RECORDED DATA:
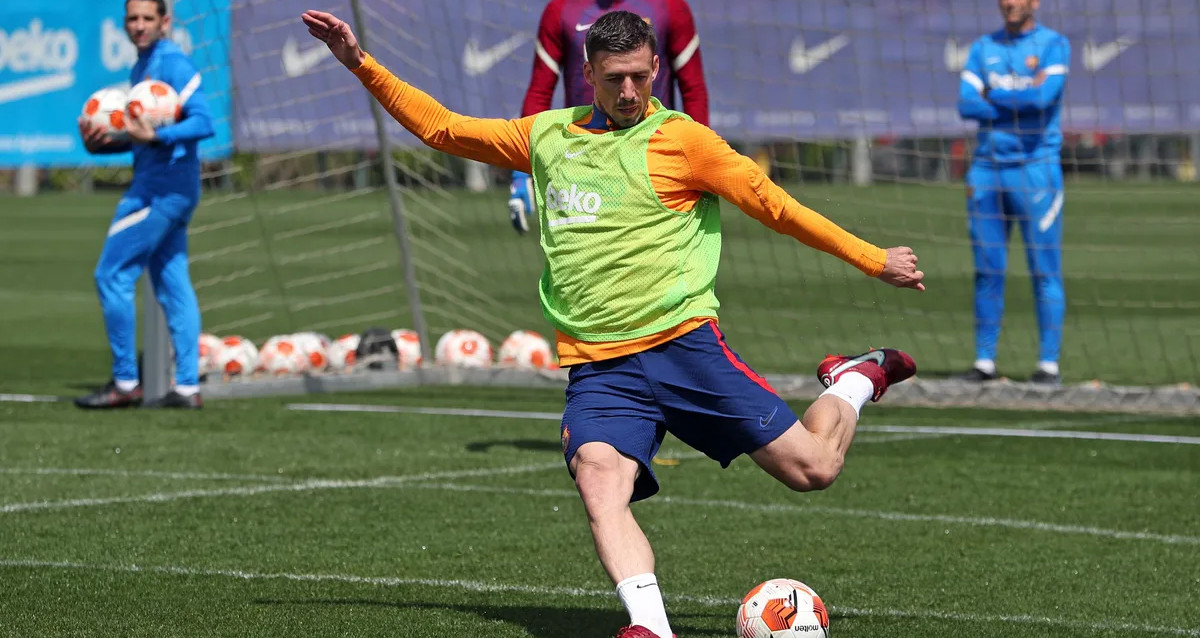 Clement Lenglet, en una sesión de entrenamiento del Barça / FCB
---
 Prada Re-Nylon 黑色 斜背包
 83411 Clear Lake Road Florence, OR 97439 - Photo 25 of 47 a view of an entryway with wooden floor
* * *
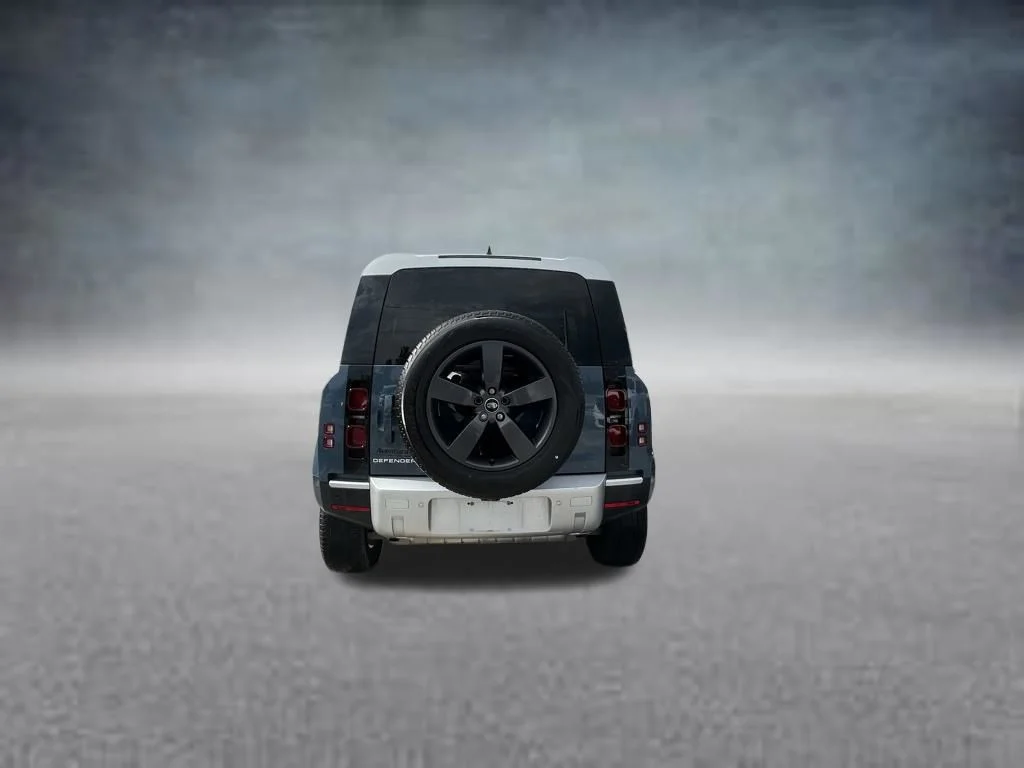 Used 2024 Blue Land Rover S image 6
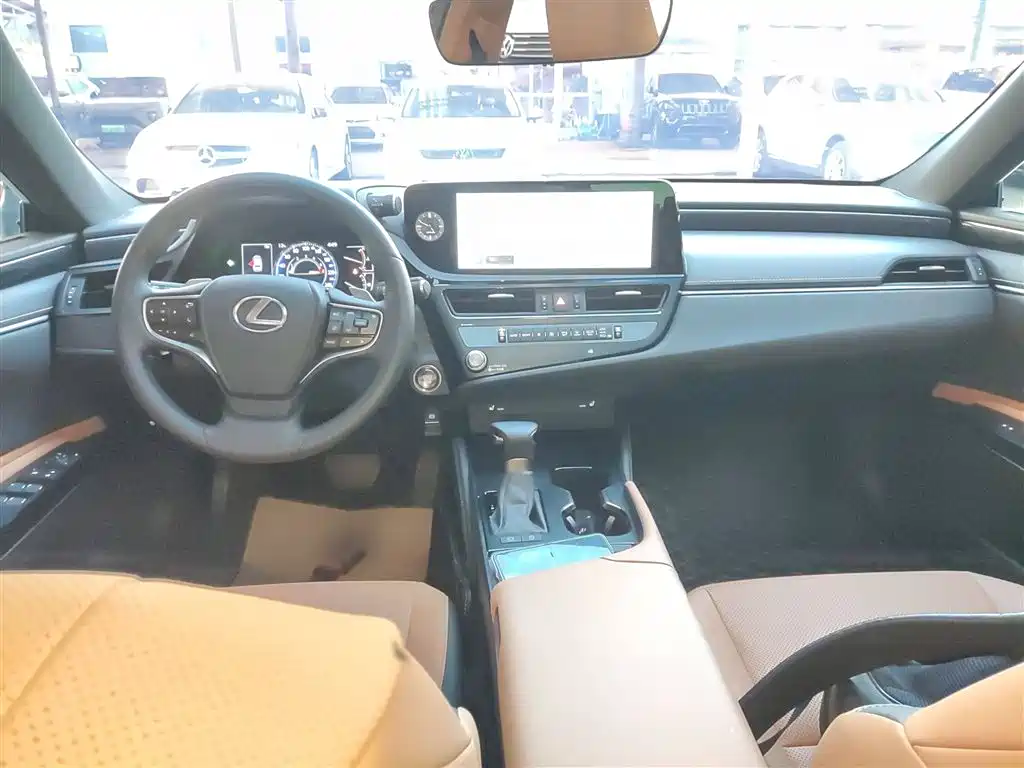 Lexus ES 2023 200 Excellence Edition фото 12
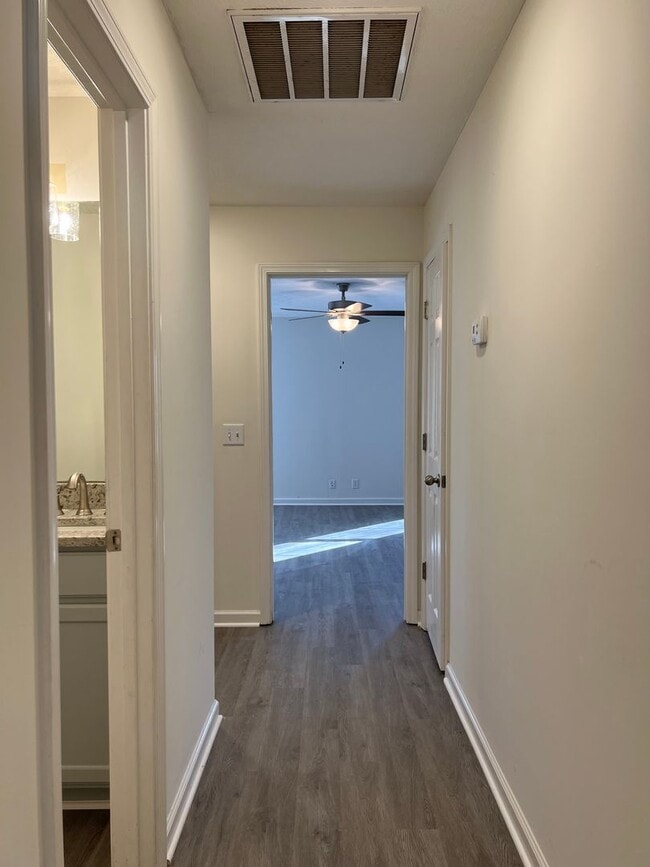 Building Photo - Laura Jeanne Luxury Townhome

EXERCISE AIM: The lines to copy exactly start with the line above that has "Used 2024 Blue Land Rover S image 6" and go on through the line that has "Building Photo - Laura"; please include both, add nothing else, and omit the pictures.

RESPONSE:
 Used 2024 Blue Land Rover S image 6
 Lexus ES 2023 200 Excellence Edition фото 12
 Building Photo - Laura Jeanne Luxury Townhome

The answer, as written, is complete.